先にも述べたように亀田村は米作一本やりではなく、馬鈴薯、とうもろこし、粟、稗、麦などの雑穀などを作っていたし、馬鈴薯の裏作として大根をはじめ、かぶ、白菜、そばなども栽培していたので、ひとたび凶作になれば食べるよりもとにかくそれらの収穫物を少しでも多く売ることに努めた。
そのため自家用にする食糧は売れないようないたんだもの、半ぱなもの、あまつさえ家畜の飼料まで食用に回すこともあったので、飼料不足のために馬が栄養失調になり、翌春、充分に農作業に耐えることのできないこともあった。
農民たちはくずいもを煮て食べたり、澱粉と交換したり、粟を精白して粟もちをつくったり、稗や大麦を精白してごはんの中に混ぜて食べたりした。その他鶏を飼育したり、農会で留萌、増毛方面から箱詰めの生にしんを共同購入したので、それを身欠(みがき)にしたり、ぬかづけにしたりして栄養のバランスをとった。
食糧不足に加えて更に頭の痛かったのは小作料(年貢)の納入であった。ひとりの地主から土地を借りていた小作人はわずか数人だったので団体交渉もできず、地主のいいなりになったことが多かった。
小作料の不払いのため小作地を取りあげられてしまう心配もあったので、なんとかして払おうとしたが、所せん無い袖はふれないということで、ようやく年貢を半分にしてもらうこともあった。
地主の中には「年貢は年貢として払え。困っているならそれを生活のために一時貸す。」という血も涙もない者もいた。

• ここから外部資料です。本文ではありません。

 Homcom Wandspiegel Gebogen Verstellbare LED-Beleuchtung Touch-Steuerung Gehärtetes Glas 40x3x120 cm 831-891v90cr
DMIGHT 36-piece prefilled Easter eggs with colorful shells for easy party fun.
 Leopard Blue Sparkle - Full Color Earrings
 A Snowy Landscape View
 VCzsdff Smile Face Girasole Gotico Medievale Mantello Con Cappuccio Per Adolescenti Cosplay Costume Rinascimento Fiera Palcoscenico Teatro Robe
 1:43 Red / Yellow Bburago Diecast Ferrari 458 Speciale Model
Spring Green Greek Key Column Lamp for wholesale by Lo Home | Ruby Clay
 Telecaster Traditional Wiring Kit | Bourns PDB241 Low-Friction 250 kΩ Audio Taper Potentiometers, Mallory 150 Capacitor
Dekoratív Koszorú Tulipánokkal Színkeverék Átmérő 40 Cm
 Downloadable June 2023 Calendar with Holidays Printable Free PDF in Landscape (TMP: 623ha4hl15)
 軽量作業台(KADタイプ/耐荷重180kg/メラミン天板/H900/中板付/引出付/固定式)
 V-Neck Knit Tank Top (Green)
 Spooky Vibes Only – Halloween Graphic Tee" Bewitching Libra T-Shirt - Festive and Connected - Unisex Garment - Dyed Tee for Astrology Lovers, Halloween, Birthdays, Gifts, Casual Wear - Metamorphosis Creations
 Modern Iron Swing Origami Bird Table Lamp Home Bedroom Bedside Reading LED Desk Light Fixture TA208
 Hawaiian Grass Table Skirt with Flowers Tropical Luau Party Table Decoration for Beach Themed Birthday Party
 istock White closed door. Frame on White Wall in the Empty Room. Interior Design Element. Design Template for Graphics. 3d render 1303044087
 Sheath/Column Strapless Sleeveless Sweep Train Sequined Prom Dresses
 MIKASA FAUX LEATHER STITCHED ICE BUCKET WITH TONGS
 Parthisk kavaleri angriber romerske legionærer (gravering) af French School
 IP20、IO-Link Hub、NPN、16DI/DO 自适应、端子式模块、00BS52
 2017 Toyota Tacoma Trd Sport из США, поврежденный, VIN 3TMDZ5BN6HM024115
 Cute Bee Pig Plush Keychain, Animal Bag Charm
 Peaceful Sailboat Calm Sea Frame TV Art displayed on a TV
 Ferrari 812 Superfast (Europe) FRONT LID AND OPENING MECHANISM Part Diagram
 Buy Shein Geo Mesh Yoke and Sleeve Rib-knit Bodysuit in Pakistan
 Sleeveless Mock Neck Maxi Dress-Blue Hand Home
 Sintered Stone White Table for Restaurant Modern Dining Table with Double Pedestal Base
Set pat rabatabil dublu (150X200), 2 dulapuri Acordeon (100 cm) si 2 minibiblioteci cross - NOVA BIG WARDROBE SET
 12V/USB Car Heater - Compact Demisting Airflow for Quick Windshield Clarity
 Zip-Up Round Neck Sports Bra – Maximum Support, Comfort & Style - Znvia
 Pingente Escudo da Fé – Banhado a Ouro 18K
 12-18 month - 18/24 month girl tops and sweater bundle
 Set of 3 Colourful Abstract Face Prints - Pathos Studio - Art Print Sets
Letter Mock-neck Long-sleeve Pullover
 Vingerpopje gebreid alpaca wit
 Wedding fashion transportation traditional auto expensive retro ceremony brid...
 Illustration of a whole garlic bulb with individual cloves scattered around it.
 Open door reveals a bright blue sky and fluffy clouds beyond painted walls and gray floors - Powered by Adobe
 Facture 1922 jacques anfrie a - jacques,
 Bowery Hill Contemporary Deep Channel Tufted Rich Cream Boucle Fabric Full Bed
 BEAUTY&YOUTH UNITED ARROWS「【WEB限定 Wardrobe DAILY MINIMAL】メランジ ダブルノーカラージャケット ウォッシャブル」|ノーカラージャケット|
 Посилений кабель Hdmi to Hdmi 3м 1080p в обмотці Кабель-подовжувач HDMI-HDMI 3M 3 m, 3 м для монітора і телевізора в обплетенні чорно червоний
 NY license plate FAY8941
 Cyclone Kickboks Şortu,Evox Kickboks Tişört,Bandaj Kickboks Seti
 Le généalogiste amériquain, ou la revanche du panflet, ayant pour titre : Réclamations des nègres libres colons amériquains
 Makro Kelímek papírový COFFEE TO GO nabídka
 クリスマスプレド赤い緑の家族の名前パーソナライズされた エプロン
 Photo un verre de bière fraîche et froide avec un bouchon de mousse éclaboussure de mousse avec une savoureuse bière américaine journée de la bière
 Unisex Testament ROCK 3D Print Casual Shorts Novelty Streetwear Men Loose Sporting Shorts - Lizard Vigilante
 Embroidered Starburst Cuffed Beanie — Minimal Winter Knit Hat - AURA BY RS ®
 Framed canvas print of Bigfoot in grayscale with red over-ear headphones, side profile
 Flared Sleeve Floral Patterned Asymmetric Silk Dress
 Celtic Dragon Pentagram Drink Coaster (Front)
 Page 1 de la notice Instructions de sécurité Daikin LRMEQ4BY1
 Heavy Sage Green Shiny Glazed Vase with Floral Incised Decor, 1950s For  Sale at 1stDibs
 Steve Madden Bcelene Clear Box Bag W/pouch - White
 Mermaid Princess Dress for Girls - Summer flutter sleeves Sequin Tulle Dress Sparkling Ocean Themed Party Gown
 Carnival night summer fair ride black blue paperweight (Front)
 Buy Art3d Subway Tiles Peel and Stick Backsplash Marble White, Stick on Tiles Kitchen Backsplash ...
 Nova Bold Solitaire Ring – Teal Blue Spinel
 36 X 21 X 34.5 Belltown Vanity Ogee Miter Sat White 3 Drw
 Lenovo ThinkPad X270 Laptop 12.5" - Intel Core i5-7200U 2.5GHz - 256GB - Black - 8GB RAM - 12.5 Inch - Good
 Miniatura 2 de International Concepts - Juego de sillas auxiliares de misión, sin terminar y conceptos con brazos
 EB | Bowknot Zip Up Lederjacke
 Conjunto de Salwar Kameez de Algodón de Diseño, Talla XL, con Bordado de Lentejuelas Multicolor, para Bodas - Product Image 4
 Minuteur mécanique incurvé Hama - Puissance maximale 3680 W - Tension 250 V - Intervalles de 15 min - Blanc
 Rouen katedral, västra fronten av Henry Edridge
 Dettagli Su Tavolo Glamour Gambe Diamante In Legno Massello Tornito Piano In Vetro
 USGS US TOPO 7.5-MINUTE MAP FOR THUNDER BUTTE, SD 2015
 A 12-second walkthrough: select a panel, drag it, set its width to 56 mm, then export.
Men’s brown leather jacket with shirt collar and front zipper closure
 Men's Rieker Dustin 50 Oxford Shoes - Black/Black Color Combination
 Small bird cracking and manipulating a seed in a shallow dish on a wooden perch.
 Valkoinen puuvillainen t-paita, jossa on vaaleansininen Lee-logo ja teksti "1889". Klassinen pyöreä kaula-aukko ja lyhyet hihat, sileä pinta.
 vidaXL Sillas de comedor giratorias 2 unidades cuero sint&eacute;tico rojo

収穫が思うようにない上に小作料も払わなければならなかったので、わずかばかりの自作地を持っていた農民は、その土地を担保に借金をした。しかし、高利のためにそれを払えず、やがて土地を手放す者が続出した。となりの七飯村のように小作争議こそ起こさなかったが、食糧はすべて自給自足、はきものもわらで作ったり、衣類も質素なもので我慢した。ただ、病気になって不要な出費をしないようにひたすら気をつけながら、不安な暮らしを続けていかなければならなかった。